-- Opening Marker --

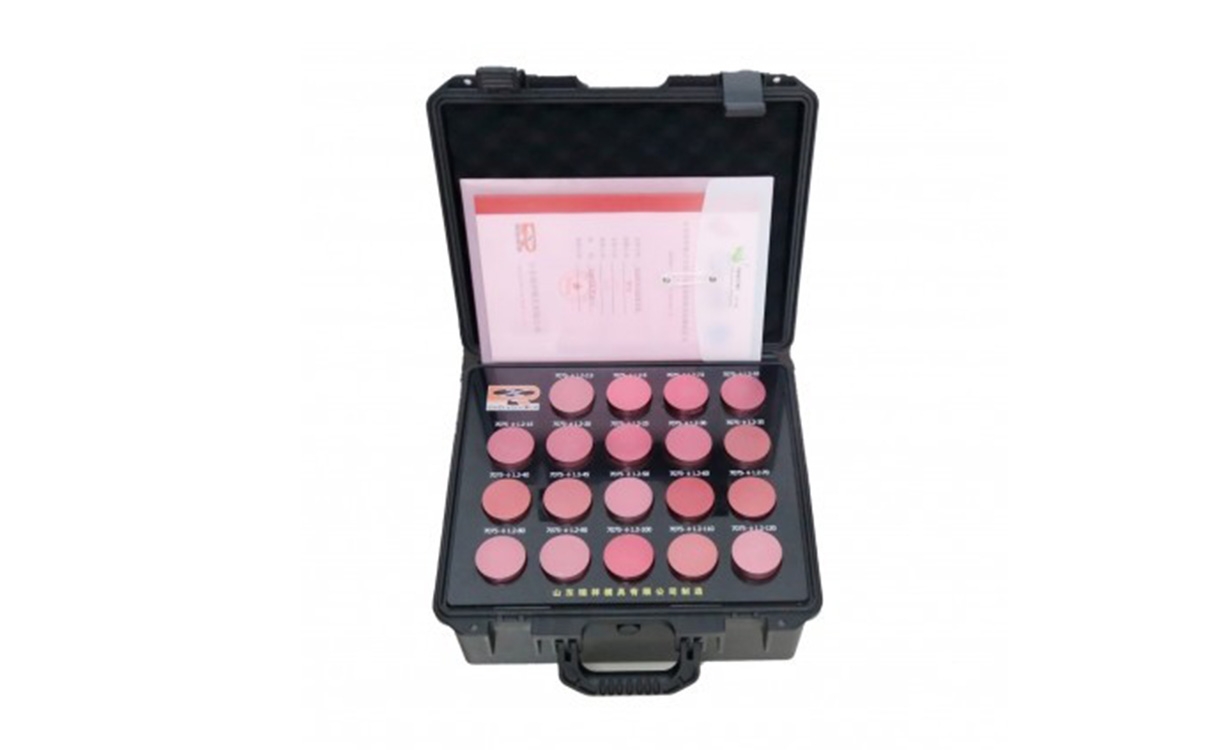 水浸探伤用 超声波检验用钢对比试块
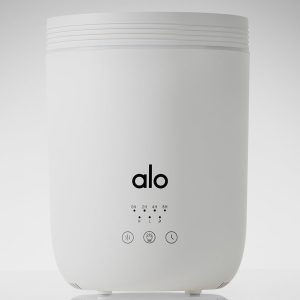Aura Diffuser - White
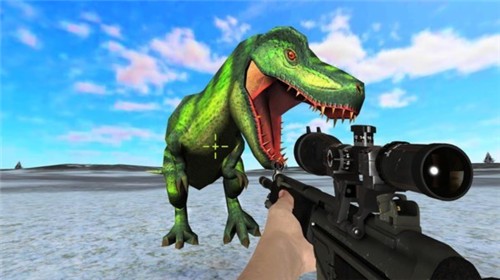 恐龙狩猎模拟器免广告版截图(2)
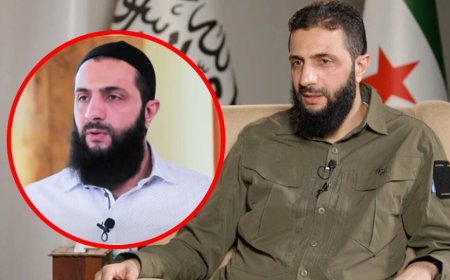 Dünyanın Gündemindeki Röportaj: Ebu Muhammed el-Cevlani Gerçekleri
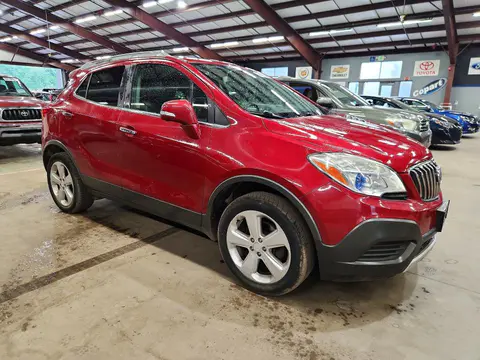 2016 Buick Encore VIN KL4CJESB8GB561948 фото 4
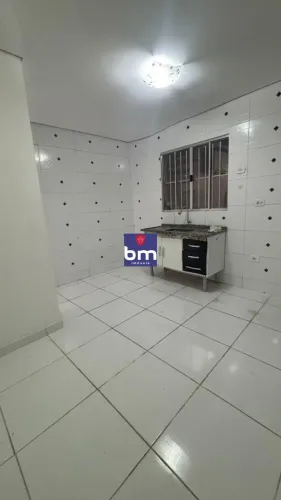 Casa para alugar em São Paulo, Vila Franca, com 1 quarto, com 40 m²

-- Closing Marker --
-- Opening Marker --

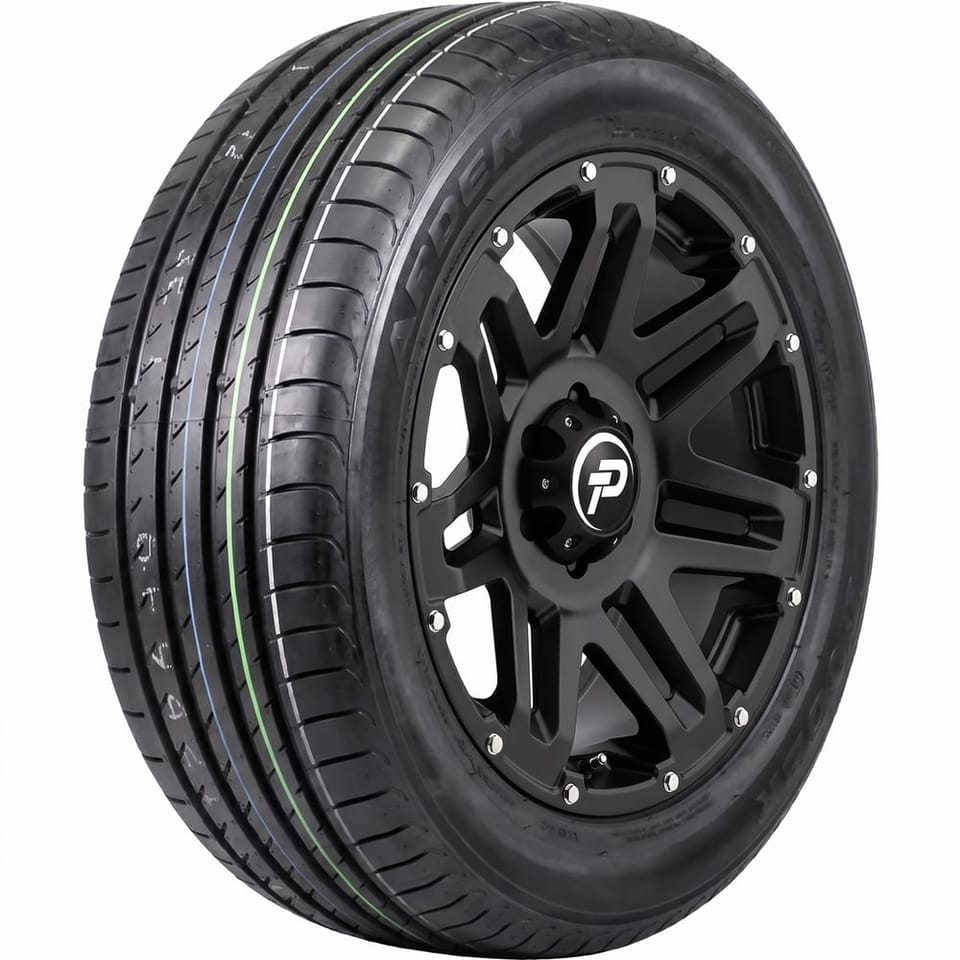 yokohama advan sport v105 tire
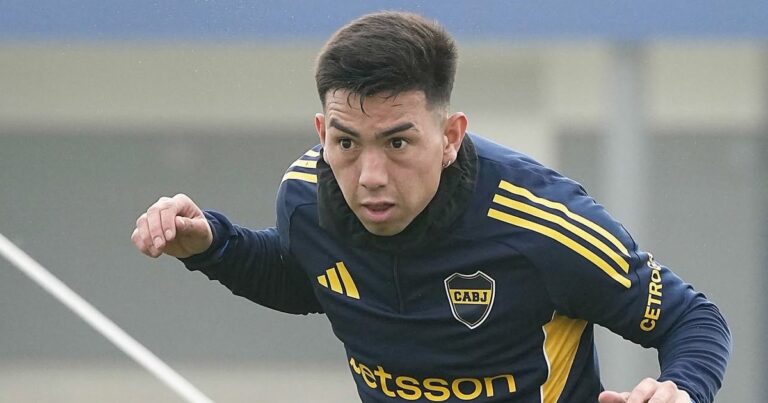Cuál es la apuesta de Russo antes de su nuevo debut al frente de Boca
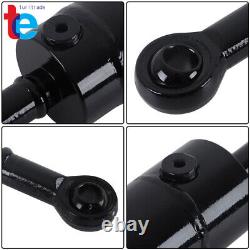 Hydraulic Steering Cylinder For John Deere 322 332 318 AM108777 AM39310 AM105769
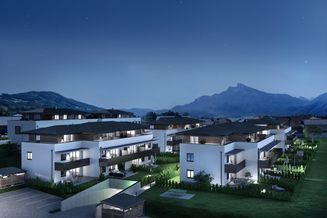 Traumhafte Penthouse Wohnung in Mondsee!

-- Closing Marker --

Task to complete: Return word for word the lines of the listing above, starting at the line with "2016 Buick Encore" and ending at the line with "Casa para alugar", both included. Pictures do not belong in the copy.

Task result:
 2016 Buick Encore VIN KL4CJESB8GB561948 фото 4
 Casa para alugar em São Paulo, Vila Franca, com 1 quarto, com 40 m²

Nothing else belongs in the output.